▸ What this task involves
Can you retype every record below exactly as written?

▸ Data to use
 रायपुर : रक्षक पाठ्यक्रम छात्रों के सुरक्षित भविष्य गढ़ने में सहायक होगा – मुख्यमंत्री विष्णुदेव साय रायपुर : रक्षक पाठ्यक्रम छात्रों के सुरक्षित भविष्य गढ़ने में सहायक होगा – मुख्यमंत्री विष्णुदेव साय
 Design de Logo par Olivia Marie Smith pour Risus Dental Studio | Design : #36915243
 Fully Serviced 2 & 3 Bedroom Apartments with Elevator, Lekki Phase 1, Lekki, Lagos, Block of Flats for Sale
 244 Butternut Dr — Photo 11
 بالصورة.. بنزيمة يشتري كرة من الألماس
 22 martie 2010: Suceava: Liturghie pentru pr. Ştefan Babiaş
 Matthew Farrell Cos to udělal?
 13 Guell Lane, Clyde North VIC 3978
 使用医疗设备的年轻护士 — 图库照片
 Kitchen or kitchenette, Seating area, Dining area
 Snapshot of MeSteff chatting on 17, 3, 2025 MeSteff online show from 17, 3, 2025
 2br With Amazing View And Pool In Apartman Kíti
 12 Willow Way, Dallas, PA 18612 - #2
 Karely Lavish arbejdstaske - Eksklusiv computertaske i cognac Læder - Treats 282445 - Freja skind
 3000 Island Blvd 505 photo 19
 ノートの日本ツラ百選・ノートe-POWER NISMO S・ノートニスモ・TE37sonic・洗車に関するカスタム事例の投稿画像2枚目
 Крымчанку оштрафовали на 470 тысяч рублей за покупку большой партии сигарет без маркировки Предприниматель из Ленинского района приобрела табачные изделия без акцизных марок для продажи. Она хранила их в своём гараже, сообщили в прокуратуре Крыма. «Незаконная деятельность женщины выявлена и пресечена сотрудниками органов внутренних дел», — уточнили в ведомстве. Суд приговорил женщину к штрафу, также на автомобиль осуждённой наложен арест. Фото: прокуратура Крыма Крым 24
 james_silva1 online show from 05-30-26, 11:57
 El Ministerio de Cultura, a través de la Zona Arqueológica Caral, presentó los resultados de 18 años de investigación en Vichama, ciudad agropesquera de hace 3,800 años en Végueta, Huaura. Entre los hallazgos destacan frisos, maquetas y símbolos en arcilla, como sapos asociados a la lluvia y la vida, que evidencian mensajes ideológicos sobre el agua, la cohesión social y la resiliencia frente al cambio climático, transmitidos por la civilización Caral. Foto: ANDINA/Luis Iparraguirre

▸ Answer area
 रायपुर : रक्षक पाठ्यक्रम छात्रों के सुरक्षित भविष्य गढ़ने में सहायक होगा – मुख्यमंत्री विष्णुदेव साय रायपुर : रक्षक पाठ्यक्रम छात्रों के सुरक्षित भविष्य गढ़ने में सहायक होगा – मुख्यमंत्री विष्णुदेव साय
 Design de Logo par Olivia Marie Smith pour Risus Dental Studio | Design : #36915243
 Fully Serviced 2 & 3 Bedroom Apartments with Elevator, Lekki Phase 1, Lekki, Lagos, Block of Flats for Sale
 244 Butternut Dr — Photo 11
 بالصورة.. بنزيمة يشتري كرة من الألماس
 22 martie 2010: Suceava: Liturghie pentru pr. Ştefan Babiaş
 Matthew Farrell Cos to udělal?
 13 Guell Lane, Clyde North VIC 3978
 使用医疗设备的年轻护士 — 图库照片
 Kitchen or kitchenette, Seating area, Dining area
 Snapshot of MeSteff chatting on 17, 3, 2025 MeSteff online show from 17, 3, 2025
 2br With Amazing View And Pool In Apartman Kíti
 12 Willow Way, Dallas, PA 18612 - #2
 Karely Lavish arbejdstaske - Eksklusiv computertaske i cognac Læder - Treats 282445 - Freja skind
 3000 Island Blvd 505 photo 19
 ノートの日本ツラ百選・ノートe-POWER NISMO S・ノートニスモ・TE37sonic・洗車に関するカスタム事例の投稿画像2枚目
 Крымчанку оштрафовали на 470 тысяч рублей за покупку большой партии сигарет без маркировки Предприниматель из Ленинского района приобрела табачные изделия без акцизных марок для продажи. Она хранила их в своём гараже, сообщили в прокуратуре Крыма. «Незаконная деятельность женщины выявлена и пресечена сотрудниками органов внутренних дел», — уточнили в ведомстве. Суд приговорил женщину к штрафу, также на автомобиль осуждённой наложен арест. Фото: прокуратура Крыма Крым 24
 james_silva1 online show from 05-30-26, 11:57
 El Ministerio de Cultura, a través de la Zona Arqueológica Caral, presentó los resultados de 18 años de investigación en Vichama, ciudad agropesquera de hace 3,800 años en Végueta, Huaura. Entre los hallazgos destacan frisos, maquetas y símbolos en arcilla, como sapos asociados a la lluvia y la vida, que evidencian mensajes ideológicos sobre el agua, la cohesión social y la resiliencia frente al cambio climático, transmitidos por la civilización Caral. Foto: ANDINA/Luis Iparraguirre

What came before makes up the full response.